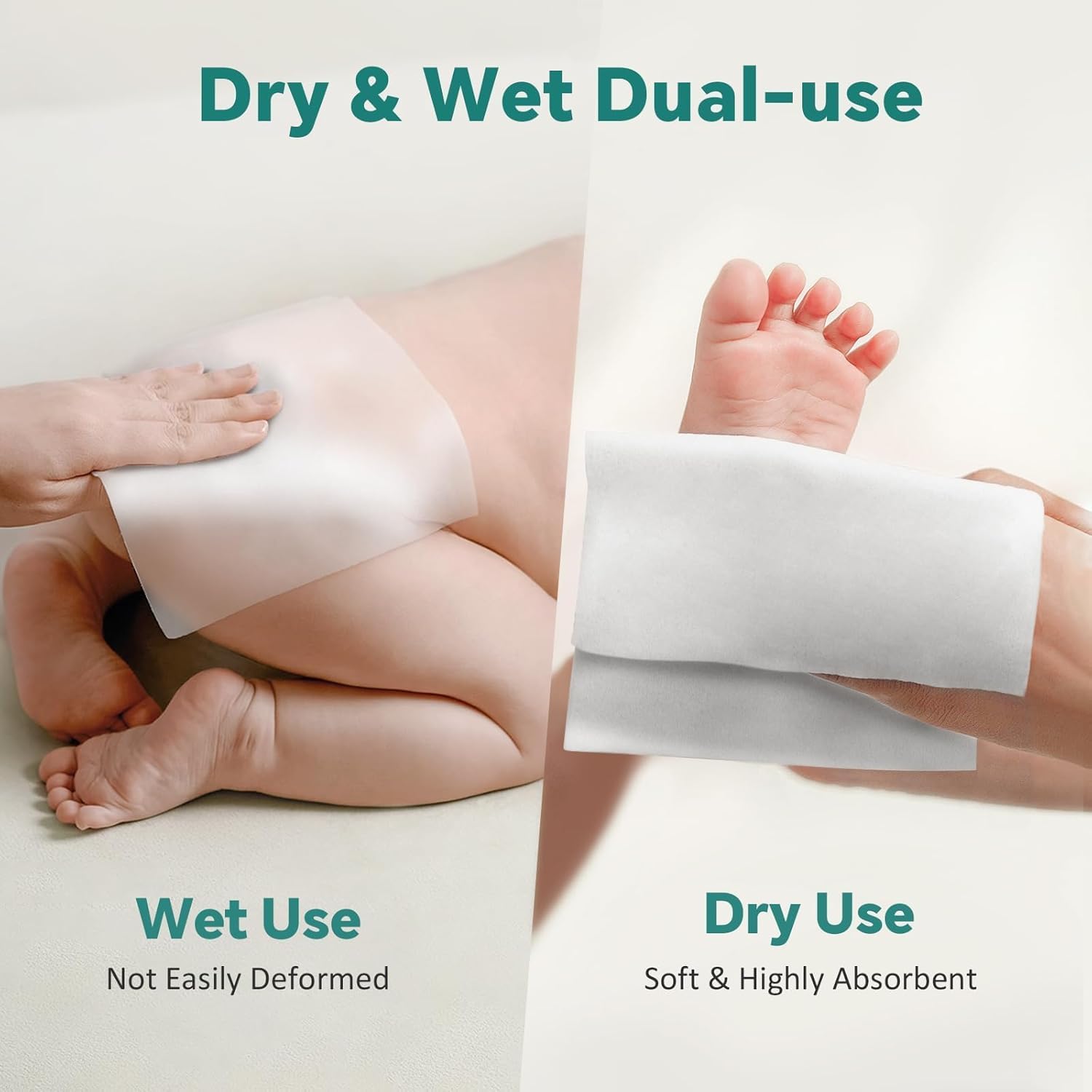 Disposable Face Towels - 100% Cotton Facial Tissues for Dry and Wet Use, Biodegradable Wipes for Makeup Removal and Skin Cleansing, Suitable for Adults and Babies (100 Count, Pack of 3)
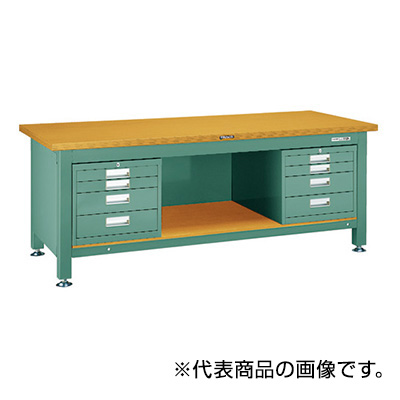 トラスコ TRUSCO 重量作業台 三方幕板・4段キャビネット付 グリーン 1800×900×740mm TWZ-1809D4D4 454-7195 (商品コード：161774)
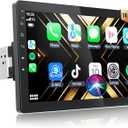 10.1 Inch Single Din Car Stereo, Rotatable Touch Screen, Wireless CarPlay & Android Auto, Android 13 Car Radio with Bluetooth GPS Backup Camera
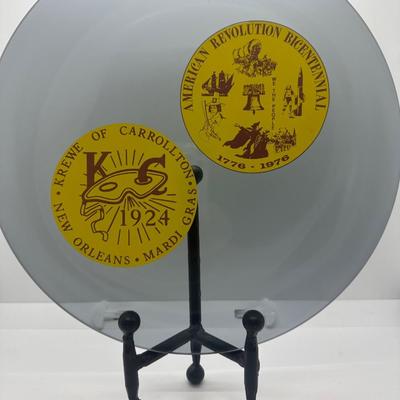 Vintage 1976 Krewe of Carrollton New Mardi Gras Glass Plate & 1979 Mardi Gras Book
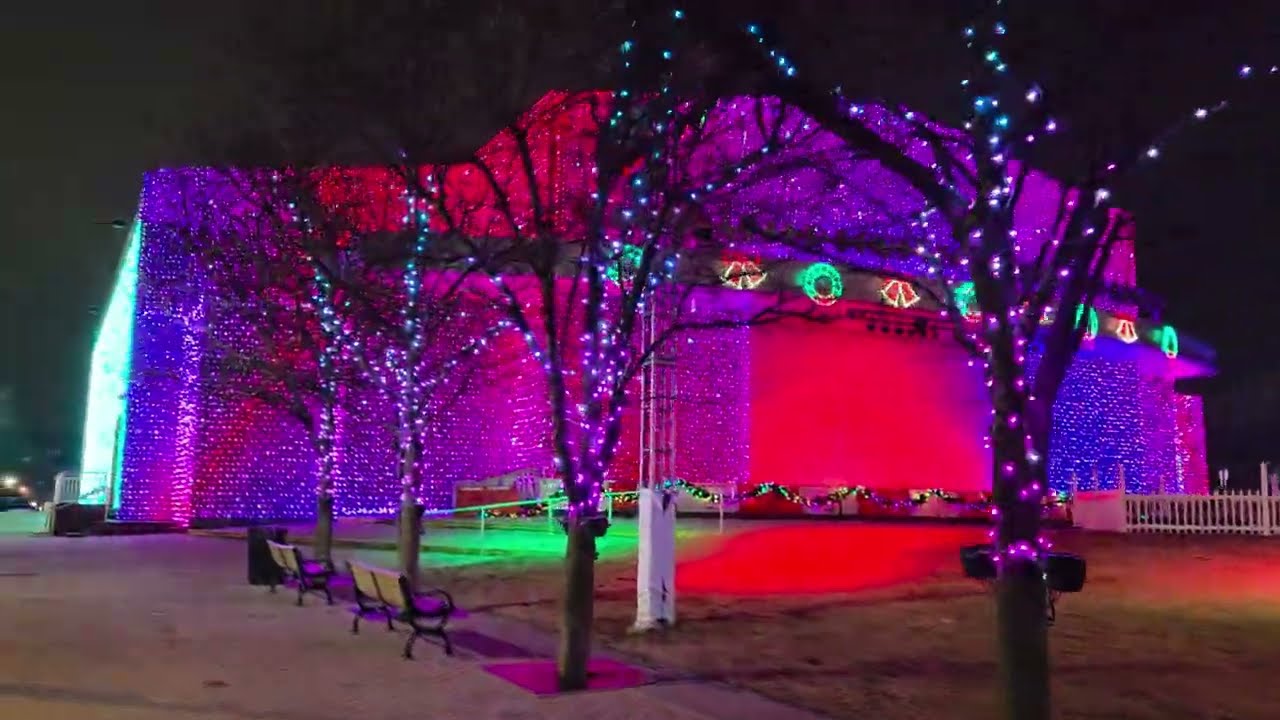 Holiday lights at Fort Lee, New Jersey, Community Center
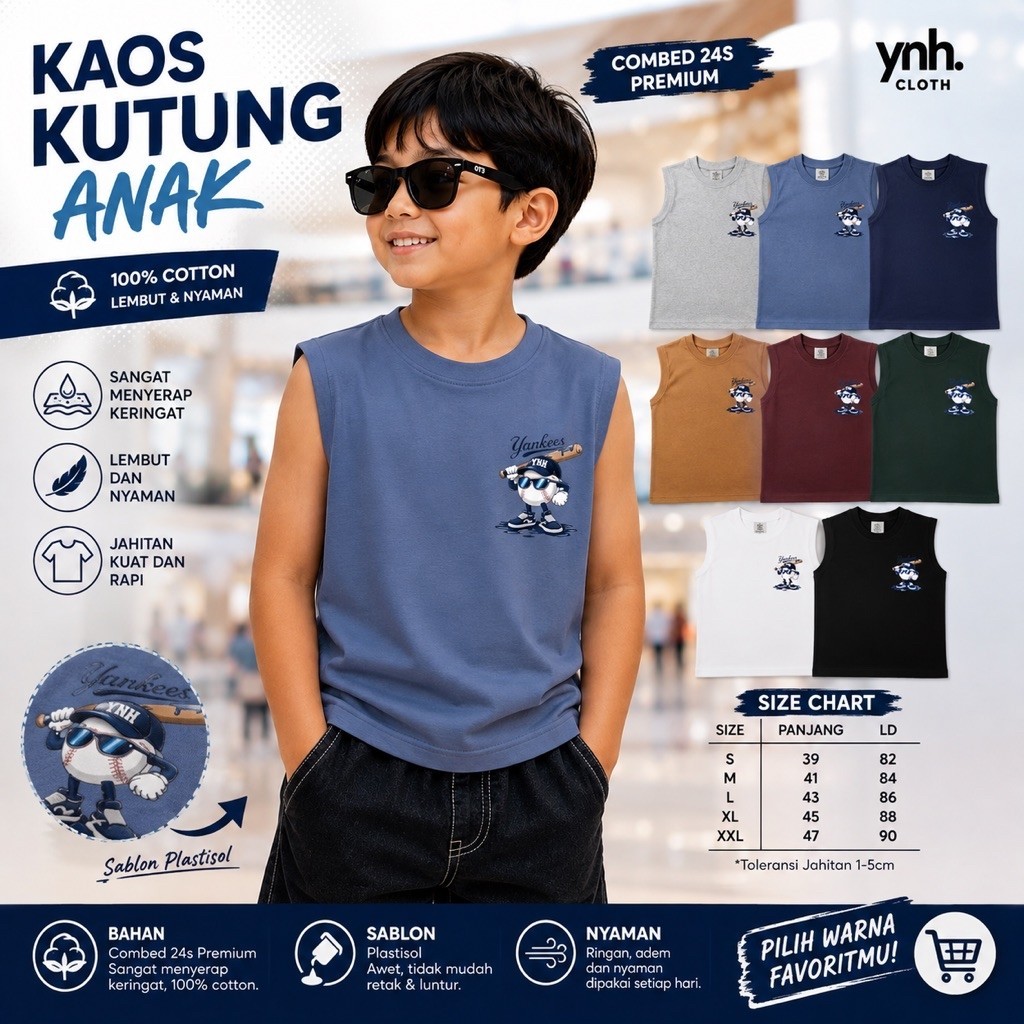 HNM KIDS YANKEES MOTIF VEST TOP เสื้อยืด / ผ้าฝ้าย Unisex Combed TANK TOP (1-12 ปี)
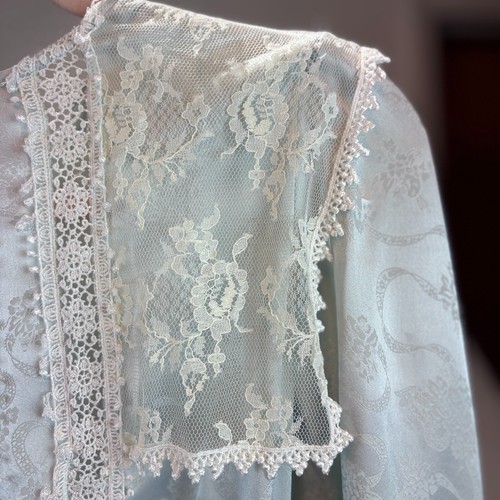 Vintage 80er Jessica McClintock Gunne Sax Größe 5-6 lt blau Spitze Cottagecore Kleid - Bild 5 von 16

§ **What you will do**
When the listing is transcribed, every line must match the original exactly, and the pictures must be left out.

§ **Solution to the problem**
 Disposable Face Towels - 100% Cotton Facial Tissues for Dry and Wet Use, Biodegradable Wipes for Makeup Removal and Skin Cleansing, Suitable for Adults and Babies (100 Count, Pack of 3)
 トラスコ TRUSCO 重量作業台 三方幕板・4段キャビネット付 グリーン 1800×900×740mm TWZ-1809D4D4 454-7195 (商品コード：161774)
 10.1 Inch Single Din Car Stereo, Rotatable Touch Screen, Wireless CarPlay & Android Auto, Android 13 Car Radio with Bluetooth GPS Backup Camera
 Vintage 1976 Krewe of Carrollton New Mardi Gras Glass Plate & 1979 Mardi Gras Book
 Holiday lights at Fort Lee, New Jersey, Community Center
 HNM KIDS YANKEES MOTIF VEST TOP เสื้อยืด / ผ้าฝ้าย Unisex Combed TANK TOP (1-12 ปี)
 Vintage 80er Jessica McClintock Gunne Sax Größe 5-6 lt blau Spitze Cottagecore Kleid - Bild 5 von 16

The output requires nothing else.